这个星期参加了一个面试,面试中问到深浅拷贝的区别,然后我就简单了讲述了它们的之间的区别,然后面试官又继续问,如何实现一个深拷贝呢?当时只回答回答了一种方式,就是使用反射,然后面试官提示还可以通过反序列化和表达树的方式。然后又继续问,如果用反射来实现深拷贝的话,如何解决互相引用对象的问题呢? 当时我给出的答案是说那就不用反射去实现呗,用反序列化实现呗,或者直接避免使两个对象互相引用呗。然后面试官说,如果一定用反射来写,你是怎么去解决这个问题呢?这时候我就愣住了。
这样也就有了这篇文章。今天就来深入解析下深浅拷贝的问题。
首先,讲到深浅拷贝,自然就有一个问题来了?什么是深拷贝,什么又是浅拷贝呢?下面就具体介绍下它们的定义。
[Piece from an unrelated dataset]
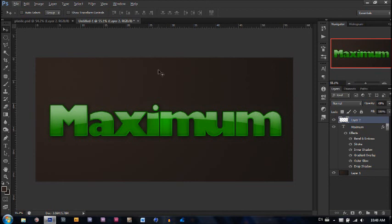Once again thank you guys for watching. I'll make sure the font is in the description and the PSD is in the description for you to download and copy the layer styles if you want. So thank you once again for watching. Daniel from Maximum Photoshops, out.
深拷贝:指的是拷贝一个对象时,不仅仅把对象的引用进行复制,还把该对象引用的值也一起拷贝。这样进行深拷贝后的拷贝对象就和源对象互相独立,其中任何一个对象的改动都不会对另外一个对象造成影响。举个例子,一个人叫张三,然后使用克隆技术以张三来克隆另外一个人叫李四,这样张三和李四就是相互独立的,不管张三缺胳膊还是李四少腿了都不会影响另外一个人。在.NET领域,值对象就是典型的例子,如int, Double以及结构体和枚举等。具体例子如下所示:
int source = 123; // 值类型赋值内部执行深拷贝 int copy = source; // 对拷贝对象进行赋值不会改变源对象的值 copy = 234; // 同样对源对象赋值也不会改变拷贝对象的值 source = 345;
浅拷贝:指的是拷贝一个对象时,仅仅拷贝对象的引用进行拷贝,但是拷贝对象和源对象还是引用同一份实体。此时,其中一个对象的改变都会影响到另一个对象。例如,一个人一开始叫张三,后来改名字为张老三了,可是他们还是同一个人,不管张三缺胳膊还是张老三少腿,都反应在同一个人身上。在.NET中引用类型就是一个例子。如类类型。具体例子如下所示:
public class Person { public string Name { get; set; } } class Program { static void Main(string[] args) { Person sourceP = new Person() { Name = "张三" }; Person copyP = sourceP; // 浅拷贝 copyP.Name = "张老三"; // 拷贝对象改变Name值 // 结果都是"张老三",因为实现的是浅拷贝,一个对象的改变都会影响到另一个对象 Console.WriteLine("Person.Name: [SourceP: {0}] [CopyP:{1}]", sourceP.Name, copyP.Name); Console.Read(); } }
上面已经明白了深浅拷贝的定义,至于他们之间的区别也在定义中也有所体现。介绍完了它们的定义和区别之后,自然也就有了如何去实现它们呢?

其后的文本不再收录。